Asumiendo la tarea de ofrecer un lugar donde la escena under tapatía se desarrolle y fortalezca, por más de 12 años Favela ha abierto las puertas de sus salas de ensayo y grabado los acontecimientos musicales de la escena local para los que tienen el privilegio de conocerle, resistiendo el hambre, los vecinos, y por qué no decirlo, también la fiesta. En palabras de Pablo su fundador: “Favela es como un perro de la calle; se divierte paseando de un lado a otro cuidándose de los carros, comiendo cuando puede y no sabes cuánto tiempo más vaya a sobrevivir. Aquí se realiza lo mismo que una disquera, las bandas aquí se arman, se producen, graban, masterizan, maquilan sus discos y suvenirs, se organizan eventos, videos, sesiones de fotos y hasta se planea su distribución y movimiento por redes sociales. La diferencia con una disquera es que aquí la empresa no es la que se encarga de todo eso; solo es un punto de reunión de personas que están en el medio y donde cada quien se termina rascando con sus propias uñas, si necesitas algo aquí va a estar la persona que te puede ayudar a realizarlo, pero los logros de las bandas solo dependen de ellas mismas.”
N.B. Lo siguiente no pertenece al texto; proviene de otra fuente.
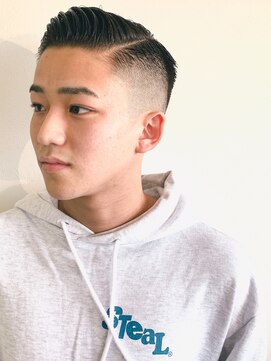 サンディーズバーバーショップ(Sandees) 七三サイドグラデーション黒髪短髪刈り上げトラッド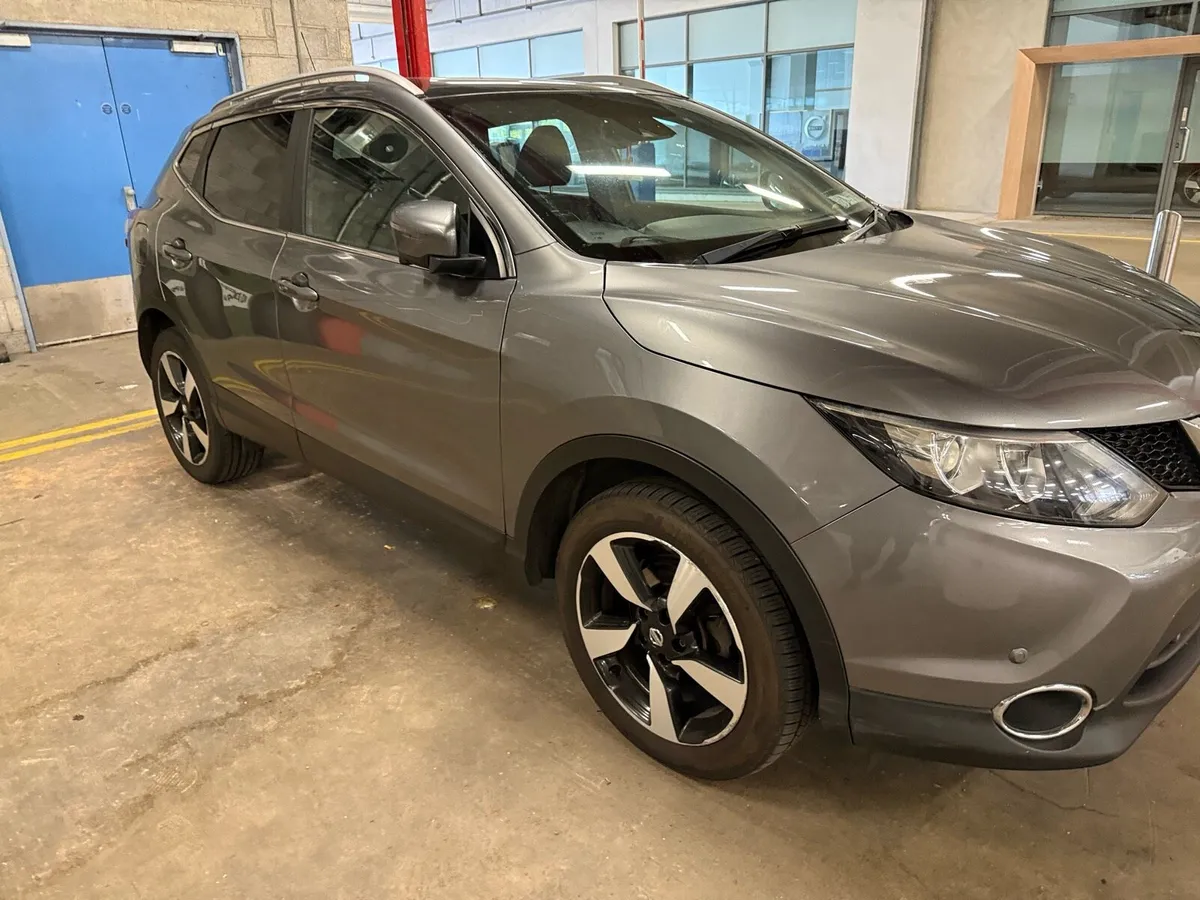 2017 Nissan Qashqai N Vision - Image 2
Recuerdo el primer día que estuve en la favela, era un lugar oscuro, con un pasillo largo lleno de cuartos de ensayo, al fondo se dibujaban escaleras, las paredes se caían de humedad y frases talladas, el ambiente espeso de humo y olores de alfombra y cerveza derramada, típicos de los cuartos de ensayo, objetos flotantes y algunos con ubicaciones bastante precisas. Arriba, el cuarto mayor, donde ocurría la magia de la grabación había algunos sillones, ceniceros repletos de colillas, abundantes latas de cerveza en distintos lugares, y en la azotea una terraza donde jugaban a tirar resorterazos a las botellas vacías.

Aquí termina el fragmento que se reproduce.